The Bush White House was expected to announce early this week whether it will let political strategist Karl Rove, former White House counsel Harriet Miers and other officials testify or will seek to assert executive privilege in preventing their appearance.

The chairman, Sen. Patrick Leahy, D-Vt., last week delayed a vote on the subpoenas until Thursday as the president's counsel, Fred Fielding, sought to negotiate terms. But on Sunday, Leahy said he had not met Fielding nor was he particularly open to any compromises, such as a private briefing by the administration officials.

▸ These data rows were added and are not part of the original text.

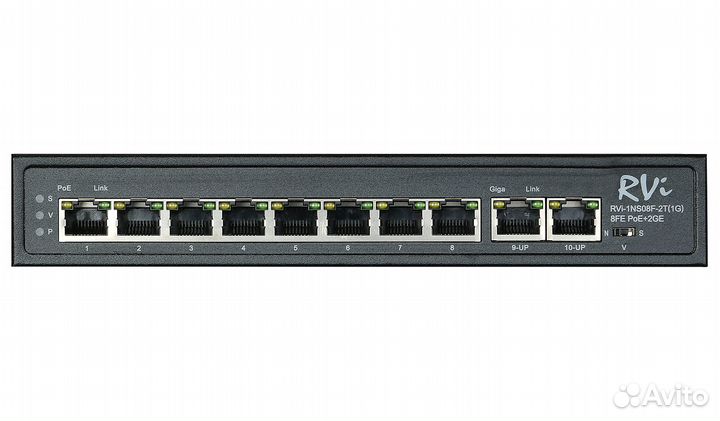 RVi-1NS08F-2T (1G) Коммутатор с питанием по PoE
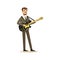 Musician man wearing a classic suit playing guitar vector Illustration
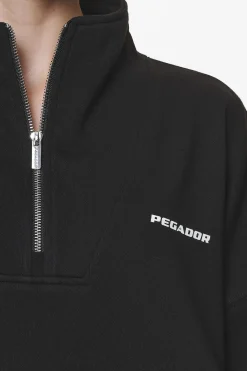 Pegador Sweaters|Vuku Logo Oversized Halfzip Black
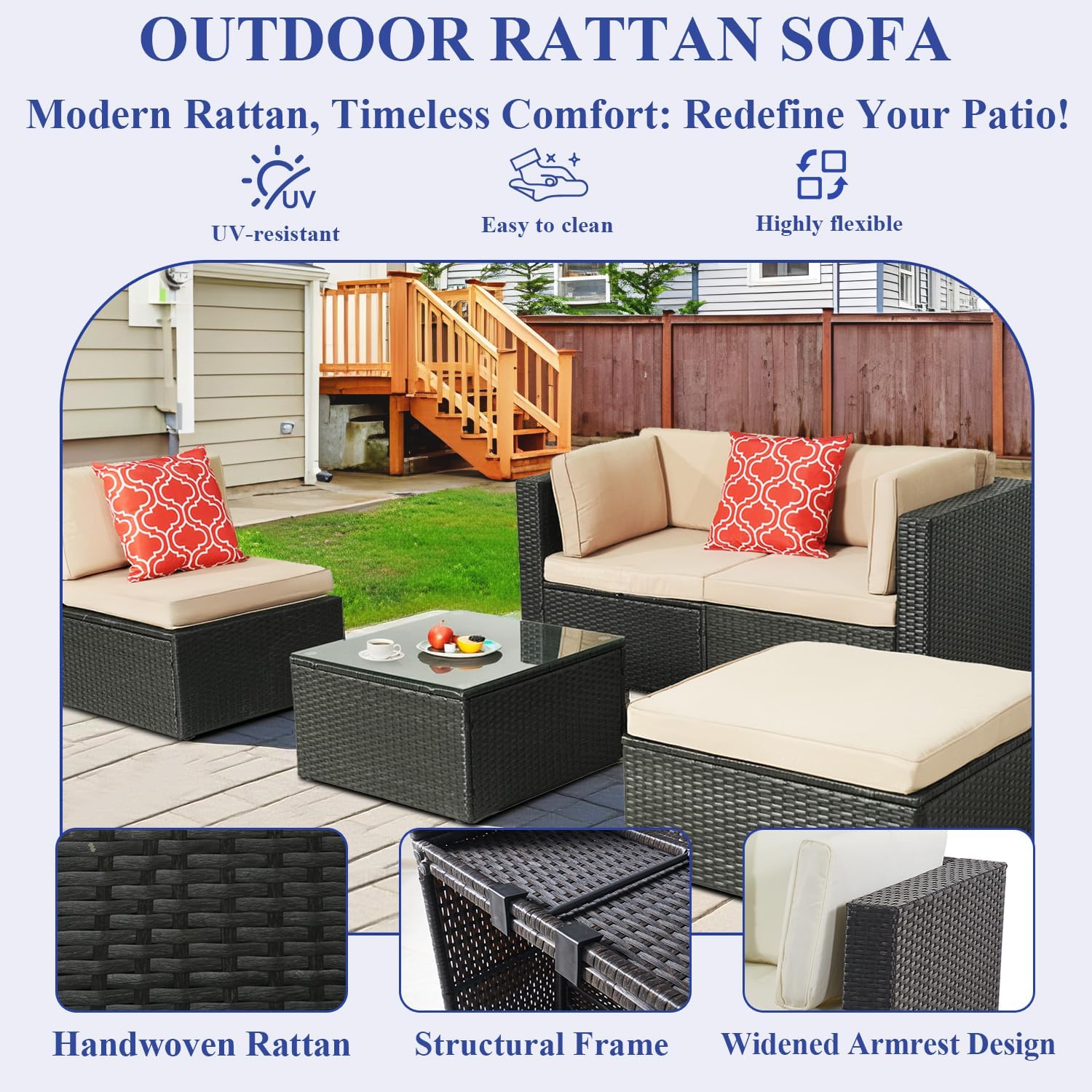 5 Pieces Outdoor Patio Furniture Set, Outdoor Wicker Sectional Sofa and Coffee Table, Plush Cushions with 2 Pillows, Outdoor Couch for Porch, Garden, Or Backyard (Beige-Red)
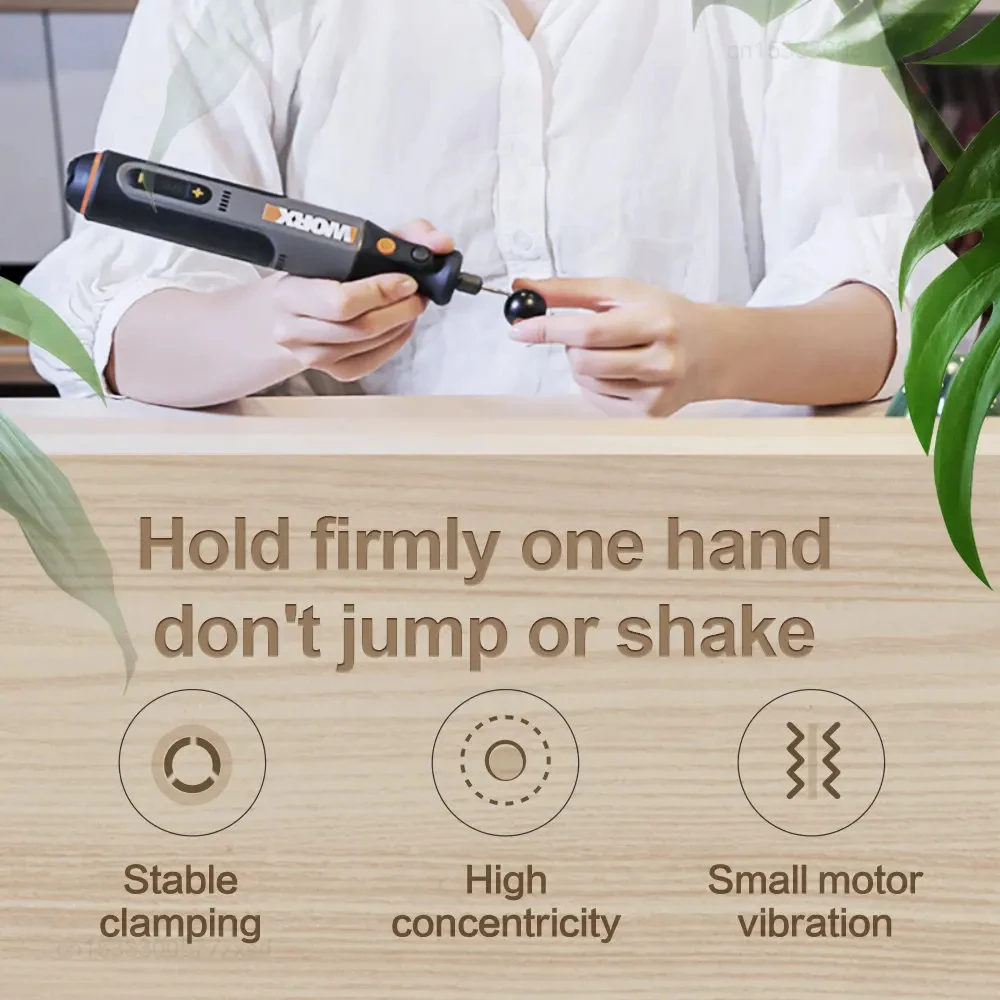 Worx WX106 Rotary Tool 8V Cordless Mini Drill Engraving Grinding Polishing Machine USB Charger Variable Speed Power Tools Set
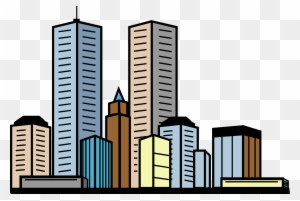 Colorful cartoon-style city skyline with modern skyscrapers and varied architecture on transparent background.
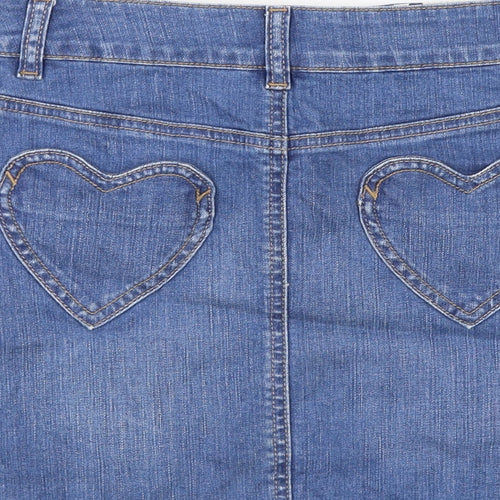 Mini Boden Girls Blue Cotton A-Line Skirt Size 11-12 Years Regular Zip - Heart Pockets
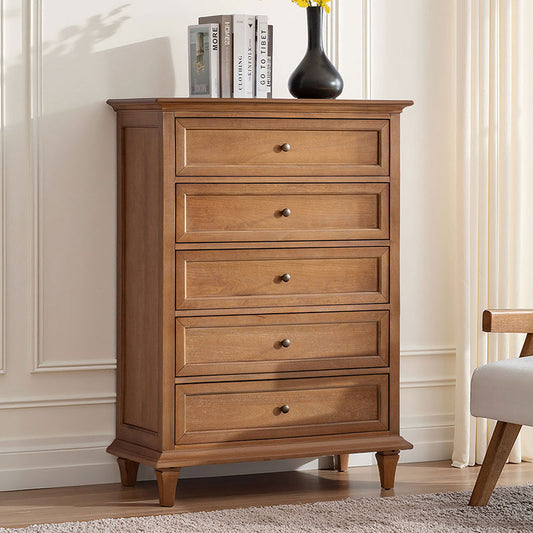Erendiria Transitional 5-Drawer Chest Dresser with Solid Wood Frame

"I want testimony under oath. I am sick and tired of getting half-truths on this," Leahy said. "I do not believe in this, we'll have a private briefing for you where we'll tell you everything, and they don't."

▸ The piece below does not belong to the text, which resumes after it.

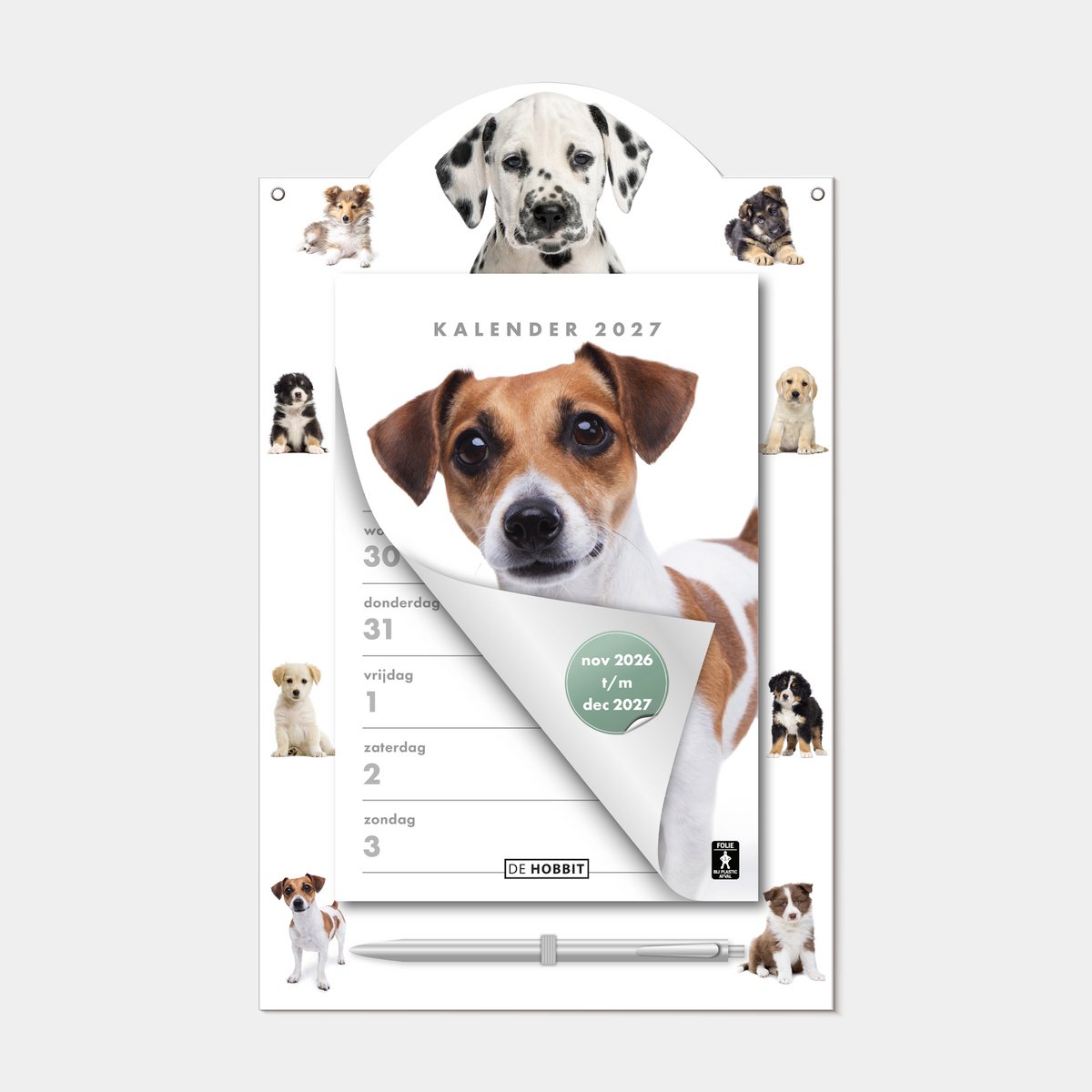 Hobbit - Weekscheurkalender 2027 - 1 week op 1 pagina - met pen en ophangkoord - Honden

Pennsylvania Sen. Arlen Specter, the top Republican on the committee, said he had a long talk with Fielding on Friday and was reserving judgment. Specter said he would like to see Rove and Miers' open testimony because there were numerous precedents for it.

"I want to see exactly what the White House response is," Specter said. "Maybe the White House will come back and say, 'We'll permit them to be interviewed and we'll give them all the records."'

White House spokeswoman Emily Lawrimore declined to comment Sunday as to whether Rove and Miers would testify. Fielding was taking additional time to review the matter "given the importance of the issues under consideration and the presidential principles involved," she said.

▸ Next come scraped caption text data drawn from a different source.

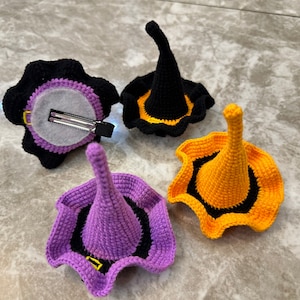Halloween Girls Hair Clip Witch Hat Fringe Clips Crochet Bow Cute Trick Or Treat Gifts for Girls Kids Women Baby Costume Accessory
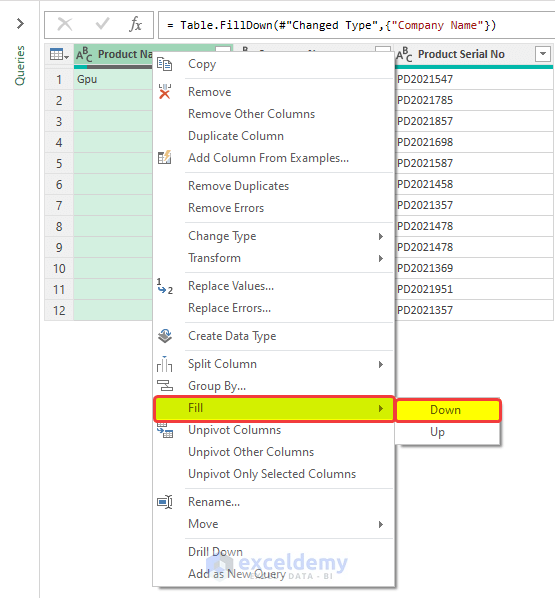 Applying Power Query toFill Down to Next Value in Excel 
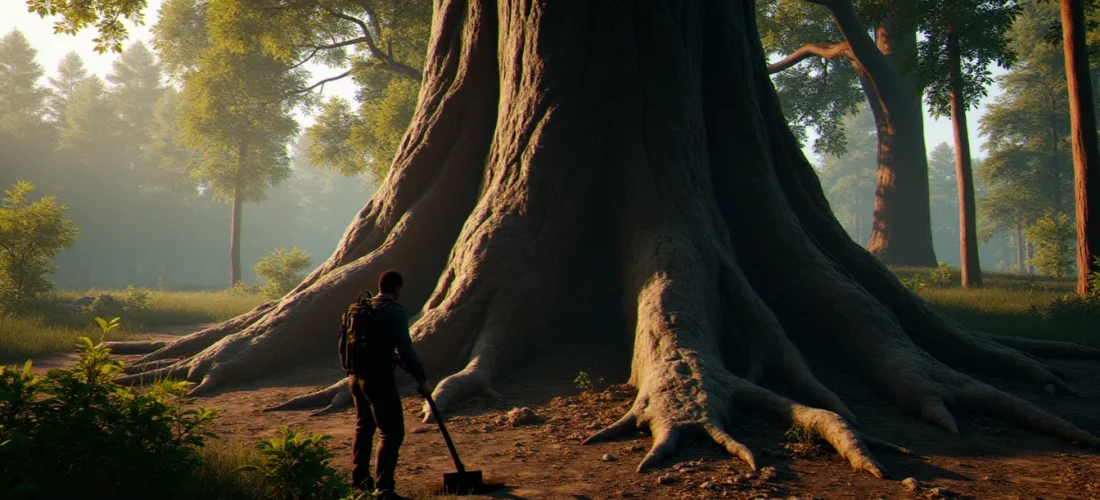 Un grand arbre à écorce sombre représentant une source de bois robuste dans l'univers de Palworld, au cœur d'une forêt dense
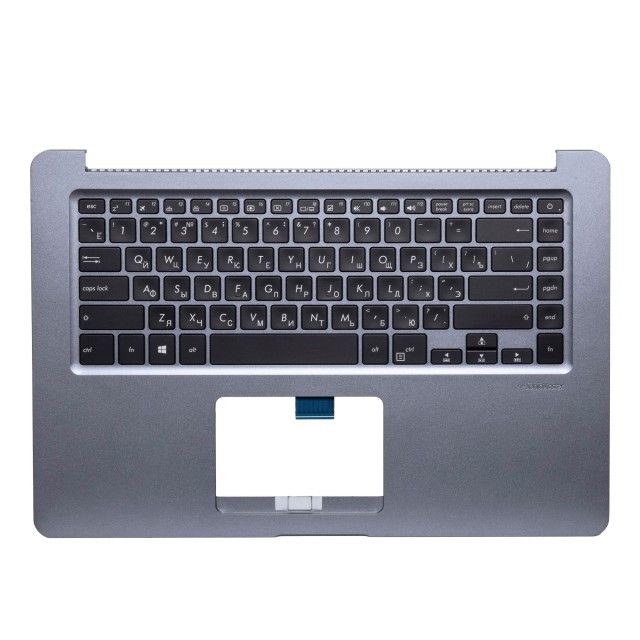 Топ-панель с клавиатурой для Asus VivoBook S510UF - серая с подсветкой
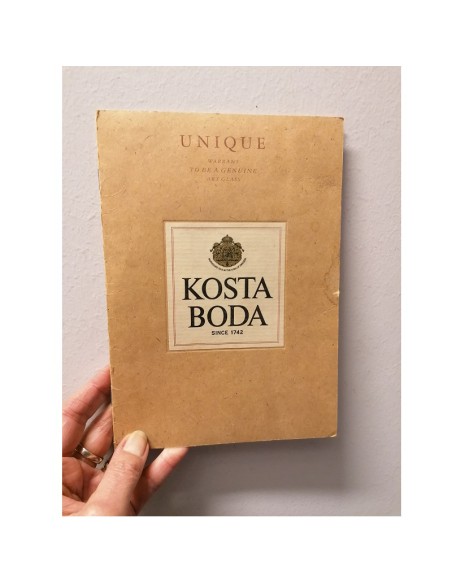 Kosta Boda scultura "Head Indiana" in vetro artistico unique piece design Bertil Vallien su base in legno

At issue is the firing of eight U.S. attorneys, dismissals Democrats say were politically motivated. Such prosecutors serve at the pleasure of the president. Attorney General Alberto Gonzales initially had asserted the firings were performance-related, not based on political considerations.

But e-mails released last week between the Justice Department and the White House contradicted that assertion and led to a public apology from Gonzales over the handling of the matter.

The e-mails showed that Rove, as early as Jan. 6, 2005, questioned whether the U.S. attorneys should all be replaced at the start of Bush's second term, and to some degree worked with Miers and former Gonzales chief of staff Kyle Sampson to get some prosecutors dismissed.

Additional e-mails are expected to be released this week to the Senate and House Judiciary committees. Each committee planned votes on subpoenas for Rove and Miers.

The Senate committee already has approved using subpoenas, if necessary, for Justice Department officials and J. Scott Jennings, deputy to White House political director Sara Taylor, who works for Rove.

Lawmakers also were scheduled Thursday to quiz Gonzales about his agency's budget request in a hearing that was expected to focus in part on the prosecutor scandal.